Ever since four-door coupes became a dime a dozen, the European auto industry has been looking for a new niche, and for much of the past year or so, it seemed that the next big thing would be “small premium.” Inspired by the MINI, European automakers from Alfa to Audi have been trying to get consumers to spend big money on tiny, plush cars. But with Audi’s A1 starting at €15,800 ($20,873), it seems that even the efficiency-happy Germans aren’t willing to pay the price of entry for this new niche. Audi built capacity for 100k A1s at its Brussels plant, but since introducing the car in August, Audi has sold only 20k of the pricey subcompacts. And yes, the slow sales do seem to be tied to the exorbitant pricetags.
”Audi is simply asking too much money for a small premium car,” Metzler Bank auto analyst Juergen Pieper told Automobilwoche. He said Mini could charge high prices for its models because the brand has a cult status.
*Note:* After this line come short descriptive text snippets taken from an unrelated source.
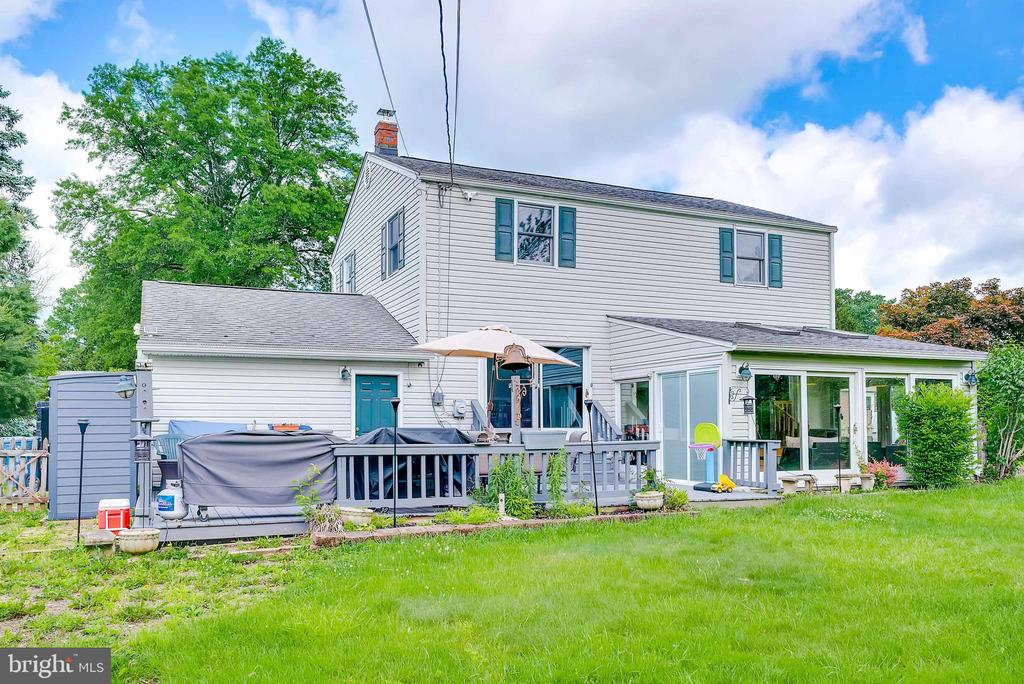 142 Colonial Dr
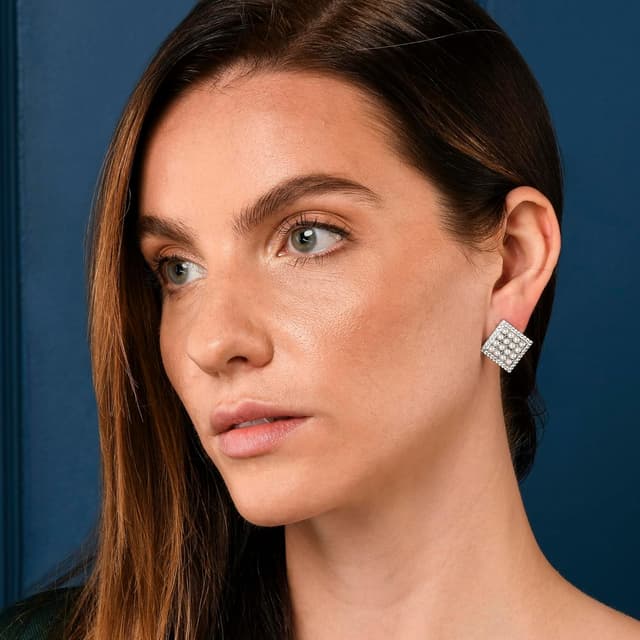 Detalle de Orecchini grandi da donna ZAVANA con zirconi cubici e piccole perle finte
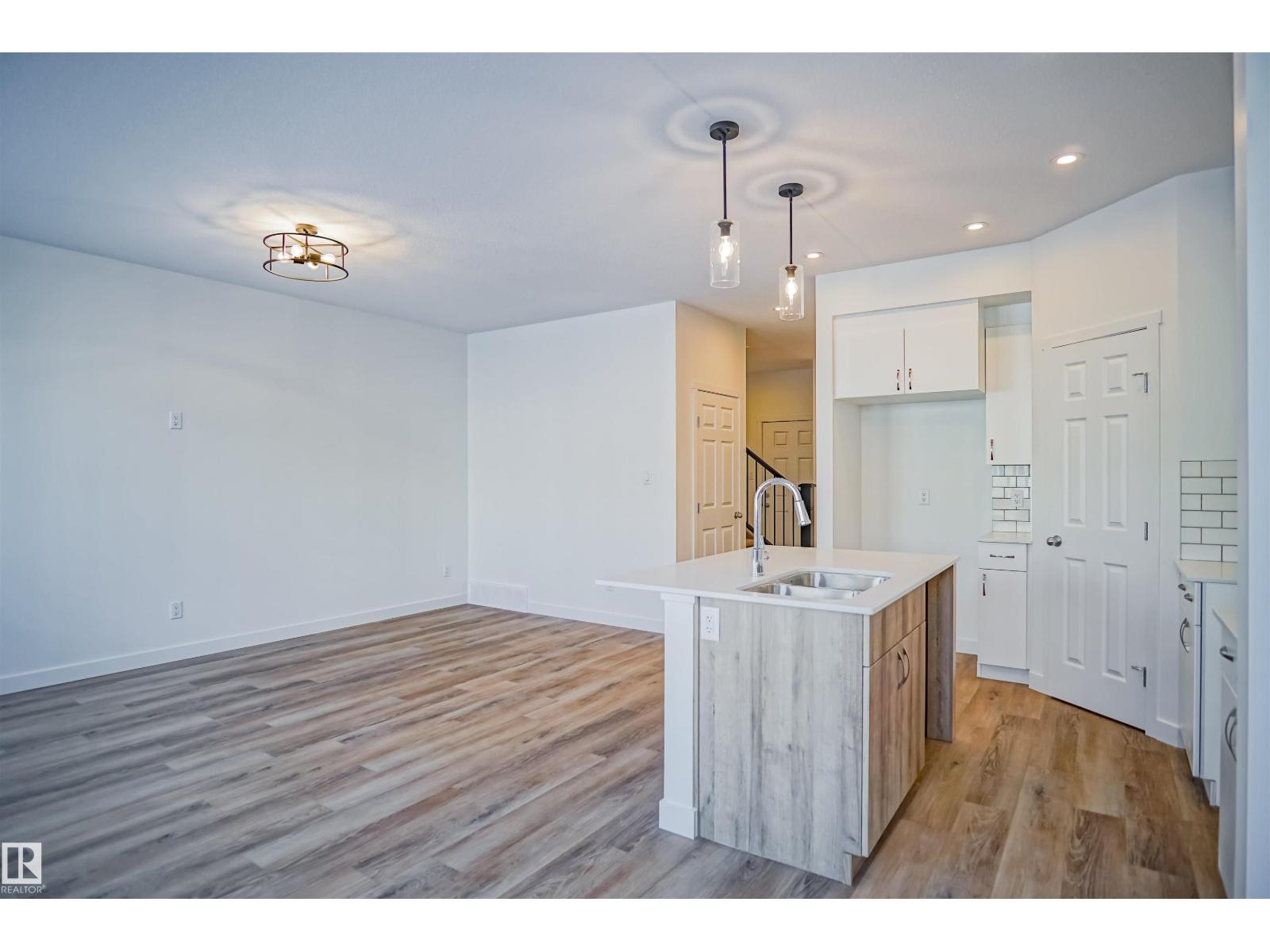 15 Lemon Cl Property Photo 10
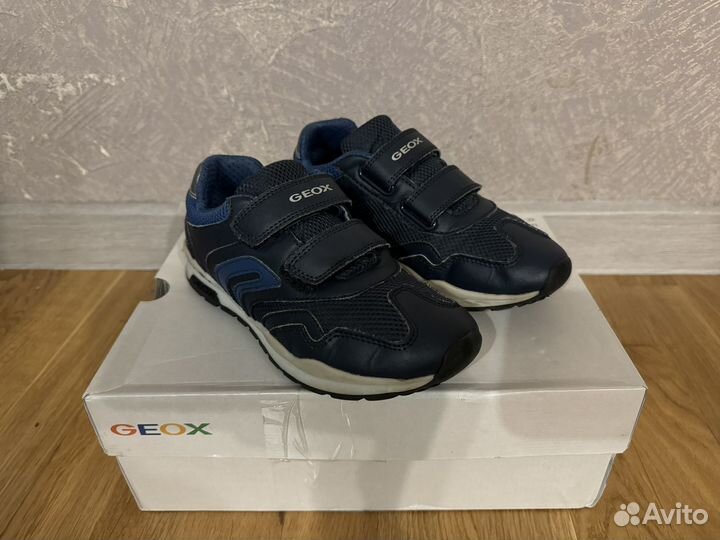 Кроссовки geox 35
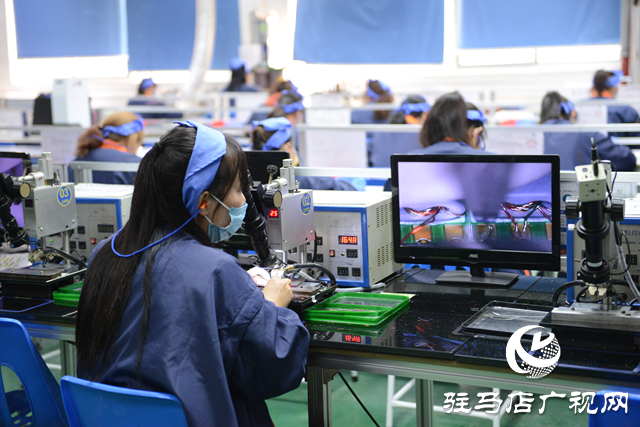 泌陽(yáng)縣：筑巢引鳳帶火“微工廠(chǎng)”實(shí)現(xiàn)雙利雙收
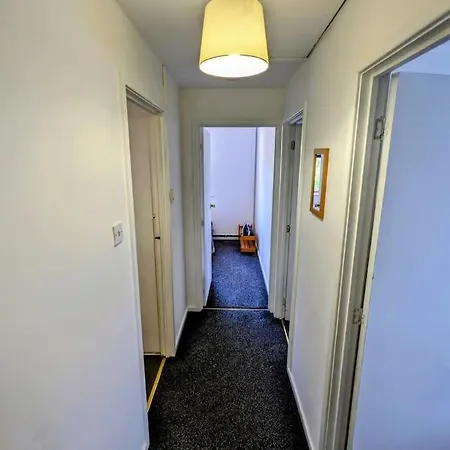Hs Uk Homes Beautiful 2 Bed In Apartment *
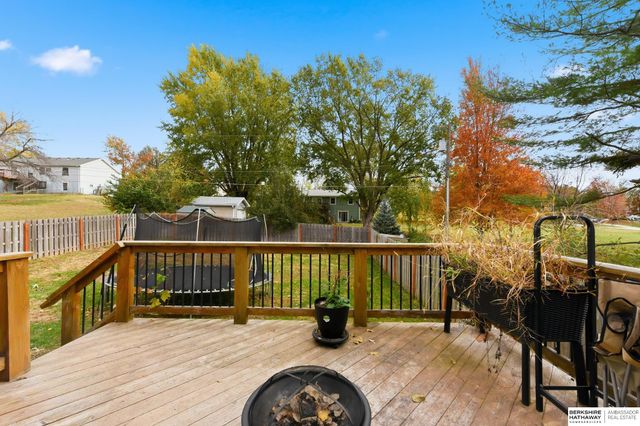 4702 Lakewood Drive, Blair, NE 68008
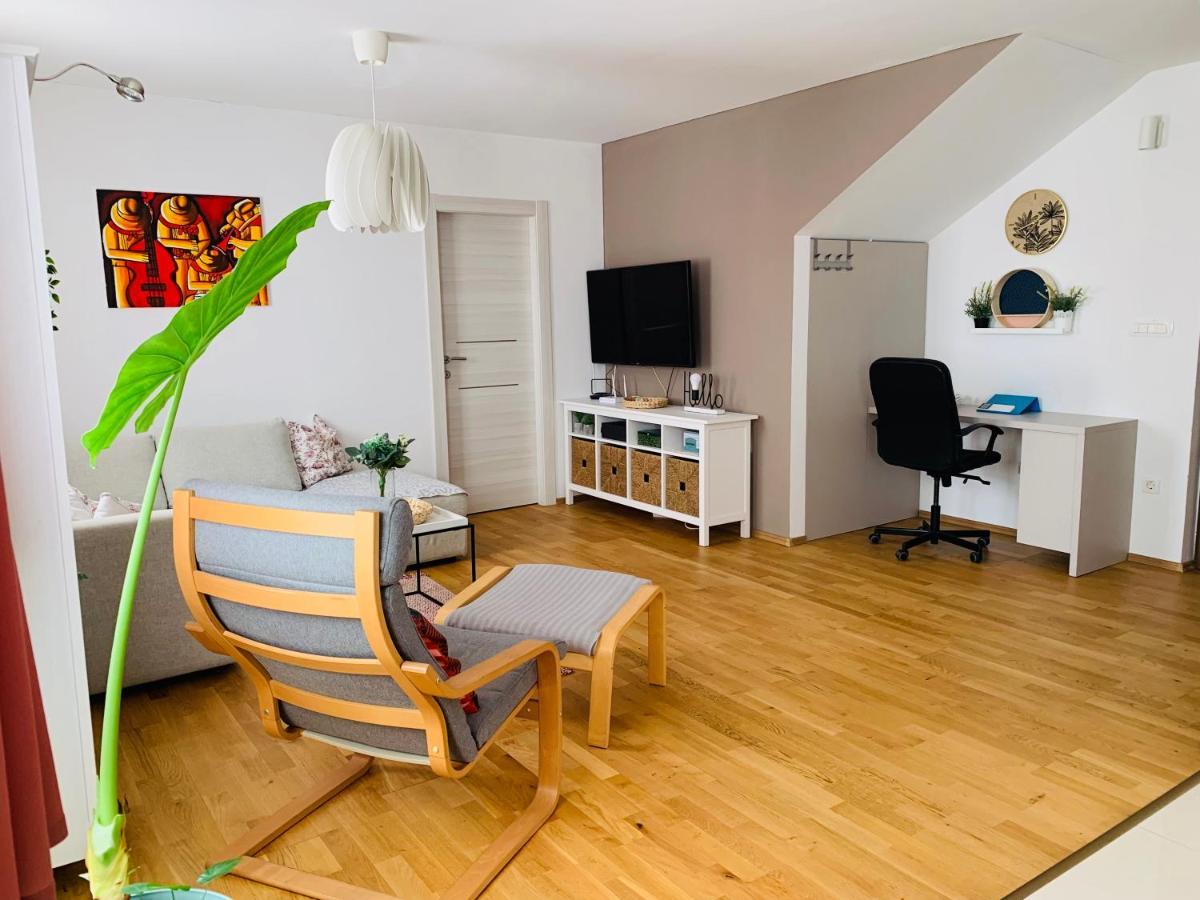 Apartman Marley Apartment Kostrena Bagian luar foto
Some German dealers believe Audi has priced the A1 far too high for the the young target group at which it’s aimed. ”For them it is simply too expensive” a German Audi dealer told Automobilwoche.
The A1 is enjoying considerable success: The company stands by the estimate made at the time of the car’s launch that around 50,000 units will be built by the end of 2010 and 30,000 of them delivered to customers.